My source for the numbers was
Where they are given in more or less real time as well as annually. Are you saying they are wrong?
No the Gridwatch numbers aren’t “wrong”, they are just “incomplete”.
Gridwatch only gives the BM Reports “metered” numbers, which explains why they don’t include a “Solar” column (which is “Embedded” data, the original source of which is the University of Sheffield).
My “Total Wind” = BM Reports “(Metered) Wind” + ESO’s “Embedded Wind”, hence the discrepancy.

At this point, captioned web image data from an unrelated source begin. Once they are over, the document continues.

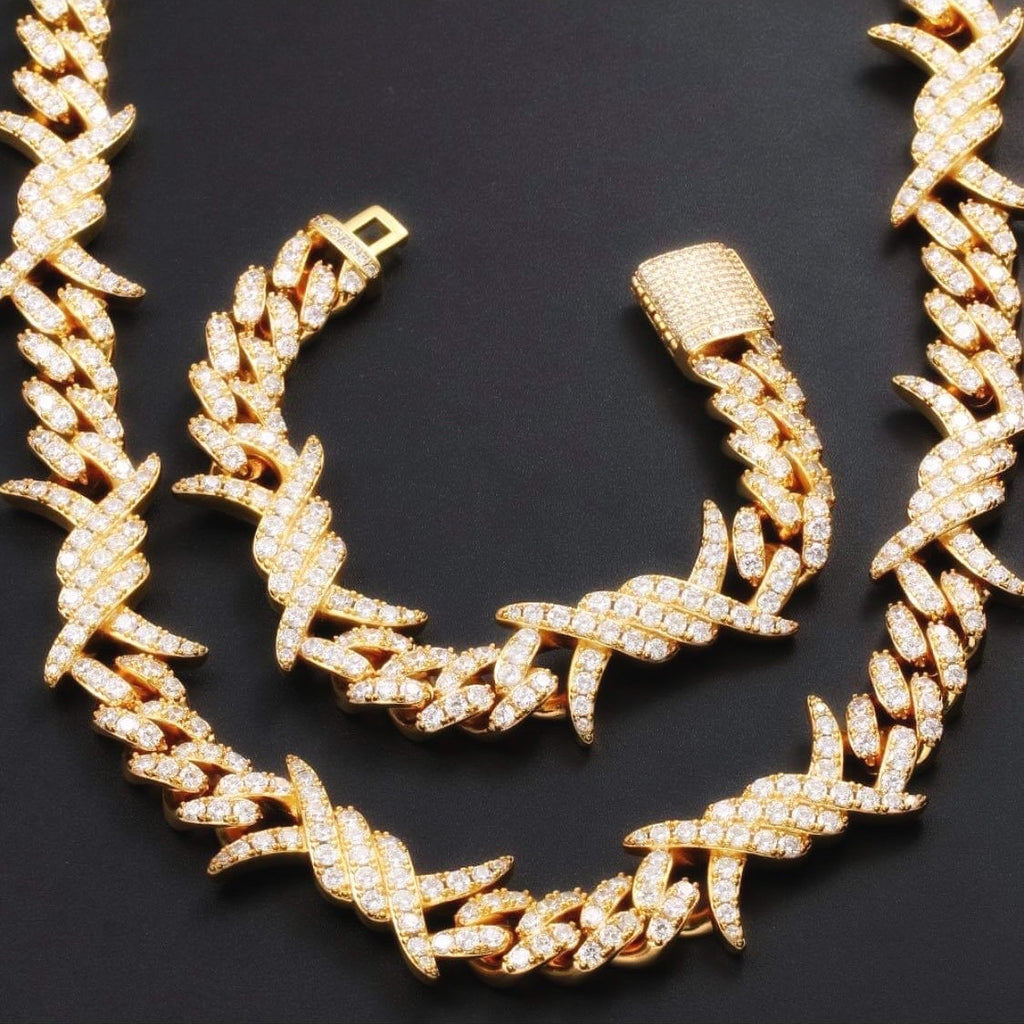 Iced Out Barb Wire Cuban Link Chain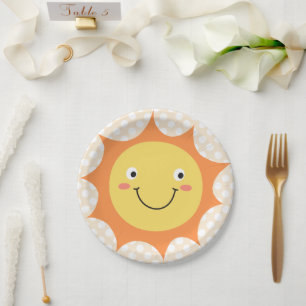 Prato De Papel Cartoon Sun Face Sorridente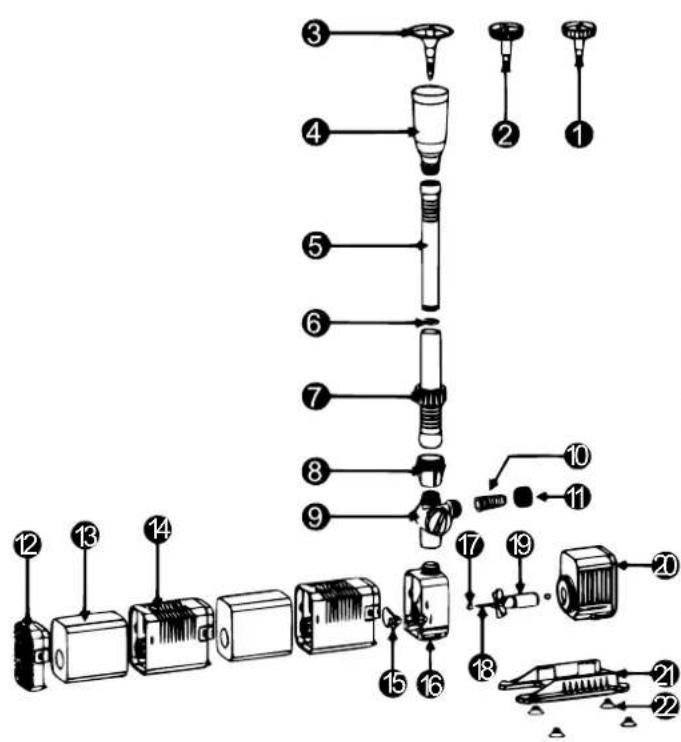 Exploded view diagram of a mechanical assembly with numbered parts for identification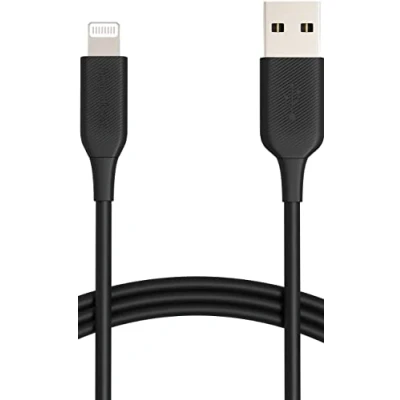 Abbildung von Amazon Basics Verbindungskabel Lightning auf USB A, MFi zertifiziertes Ladekabel für iPhone, schwarz, 0.9 m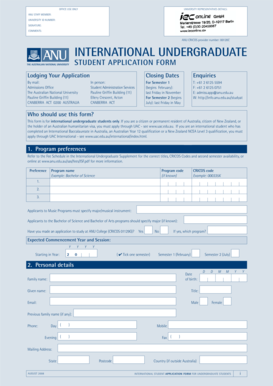 International Undergraduate Student Application Form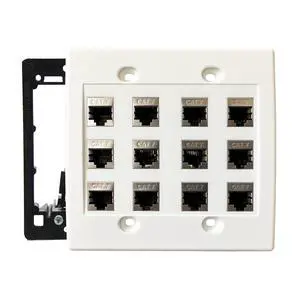 Cat7 Wall Plate - RJ45 Ethernet Wall Outlet, Female to Female Cat 7 Plate, for Network Setup - White (12 Port) Cat7 Wall Plate - RJ45 Ethernet Wall Outlet, Female to Female Cat 7 Plate, for Network Setup - White (12 Port)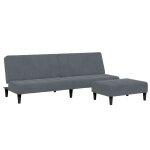 Vidaxl canapé - lit à 2 places avec repose - pied gris foncé velours Vidaxl canapé - lit à 2 places avec repose - pied gris foncé velours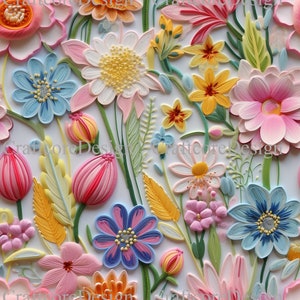 3D Floral Embroidery Seamless File | Spring Wildflower Digital Paper | 3D Wild Flowers Seamless Pattern | Pastel Colors Repeat Pattern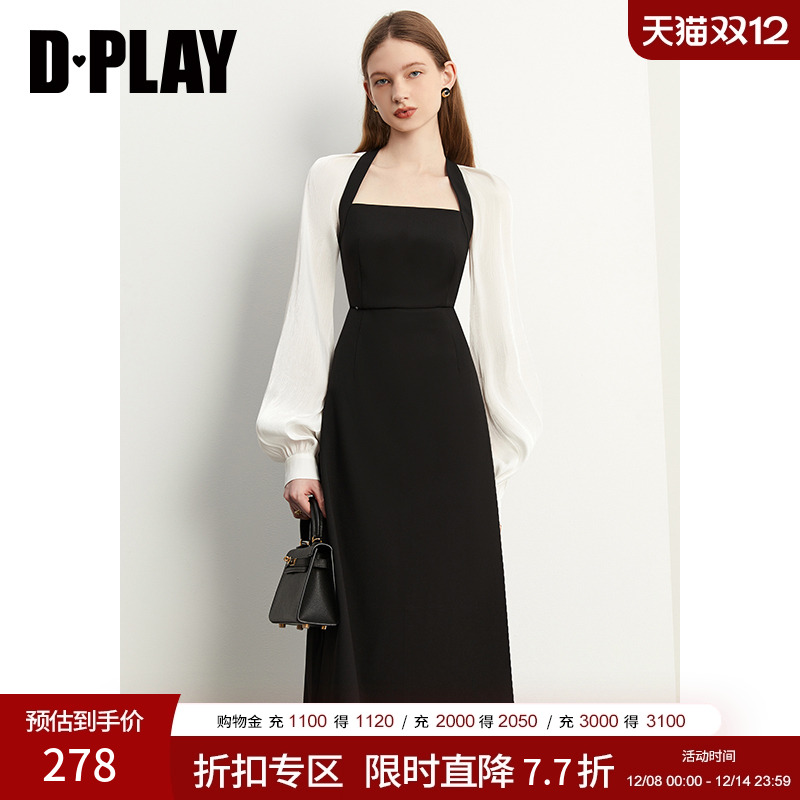 方领鎏光泡泡袖连衣裙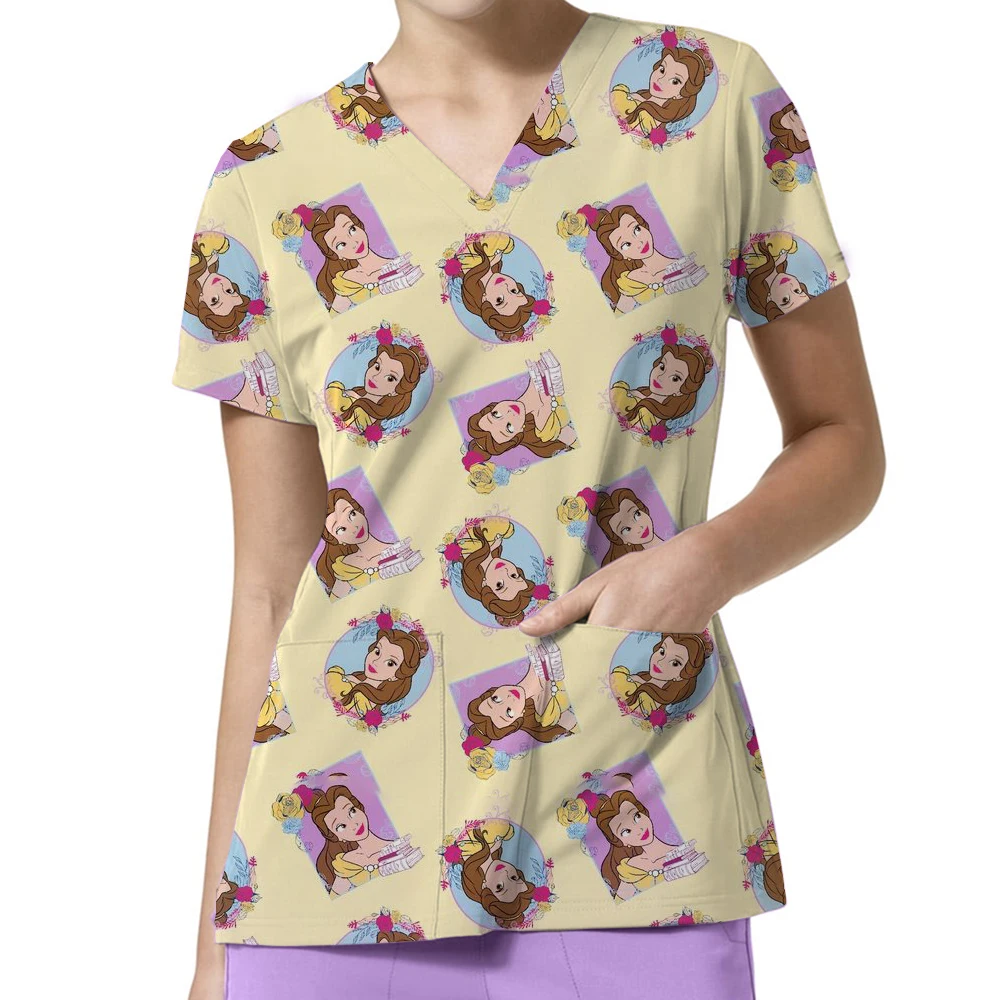 

Women Working Uniform Disney Princess Print Frozen Elsa Short Sleeve V-neck Tops Femme Blouse Nurse work wear Medical Uniforms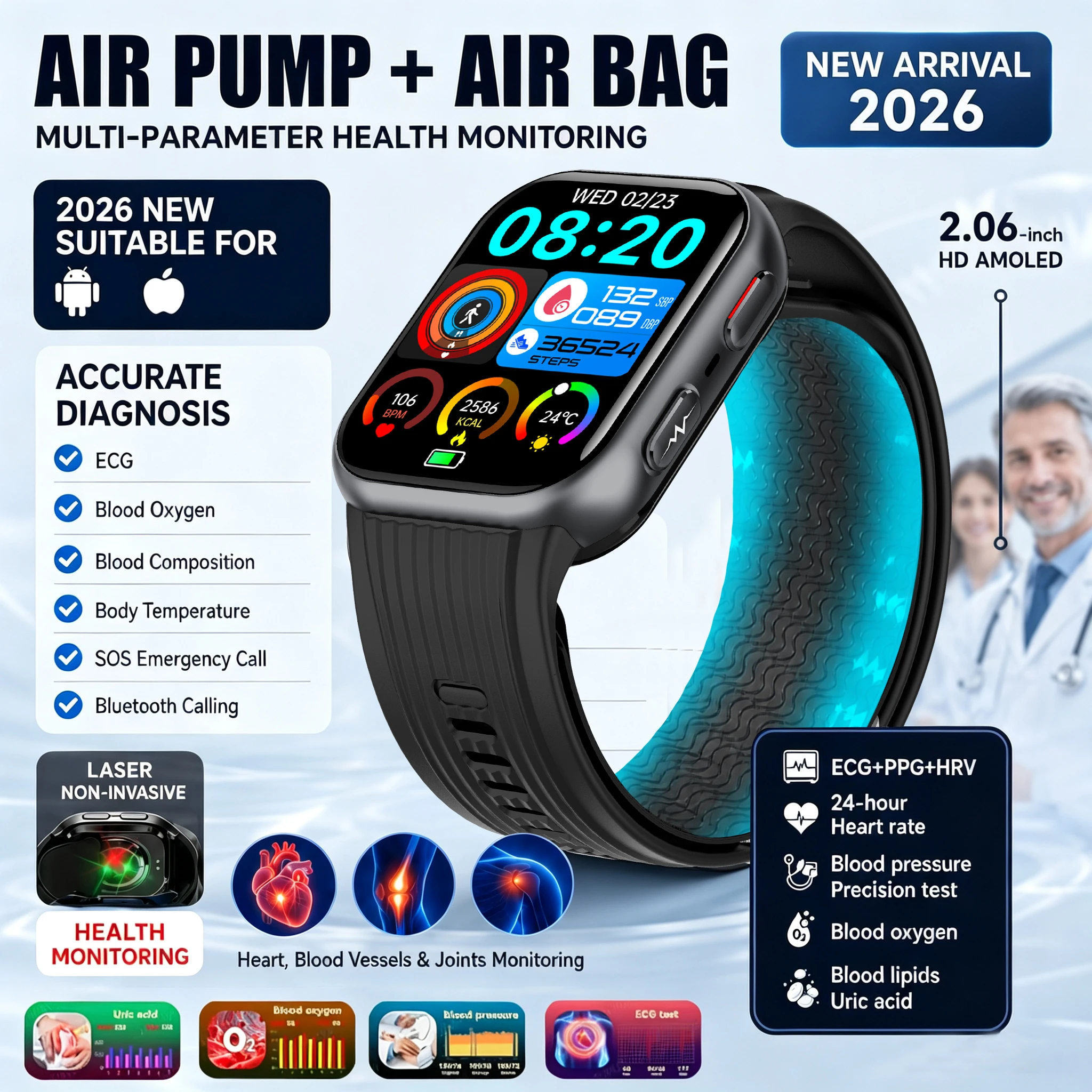 2026 New Air Pump Air Bag Smart Watch 2.06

Note also that the inter-connector (ICT) numbers from BM Reports only provide imported values (the minimum value in their CSV files is zero …), while ESO provides both imported and exported numbers (for each 30-minute “Settlement Period”).
Attached is a graph I now consider “too crowded” that highlights the drop in GB “Total Wind” production from over 20 GW on the 26th-27th November last year to under 1 GW less than 48 hours later, which shows the approximate ratio between the two components.
– – – – –
PS : My initial spreadsheets used Gridwatch data, but their nominal “sample rate” of 5 minutes was (and is …) in practice highly variable, which complicated the “accumulate total GWh per day” code, and significant “curation” of their downloads was required to filter out “obviously wrong” values.
Switching to “BM Reports + ESO” data, with regular and already curated 30-minute data, meant I could do everything in an Excel-clone spreadsheet without having to run it through a C program beforehand.
Chris Bond did a study (using the gridwatch data, so not complete with regard to all generation) for 2021 and 2022.
Your ‘too busy’ chart shows the problem very clearly. You cannot do it by overbuilding. Its either huge amounts of storage or blackouts.
Your data source seems to be much easier to work with than the gridwatch. Wish I had more time for this.
I wonder if the authors of this report actually consulted any wind turbine manufacturers to see if what they are proposing is realistic?
Here are some quotes from Wind Europe press releases earlier this year.
Feb 23rd 2023 ‘Europe must boost the competitiveness of its wind supply chain’
“The EU REPower EU strategy wants wind energy to more than double the 200GW installed today by 2030. Requires massive investment in new and existing industrial production capacities and across the whole supply chain – from installation vessels to cranes, ports, research and innovation, grids and skilled workers.”
“But the wind supply chain lacks the money to invest at the required scale. Europe’s five wind turbine manufacturers continue to operate at a loss”
March 16th 2023 ‘EU Green Industry Plan falls short for now’
“The European Commission has presented its Green Deal Industrial Plan. Goals require it to build over 30GW new wind farms every year to 2030. Europe has a big wind energy supply chain today but its not big enough to produce these volumes.”
Wind Europes CEO Giles Dickson is quoted “we simply don’t have enough factories and infrastructure today to build and install the volumes Europe wants”
When New York builds windmills and installs solar panels in Central Park, I will start to believe they are serious about this–but only start to believe.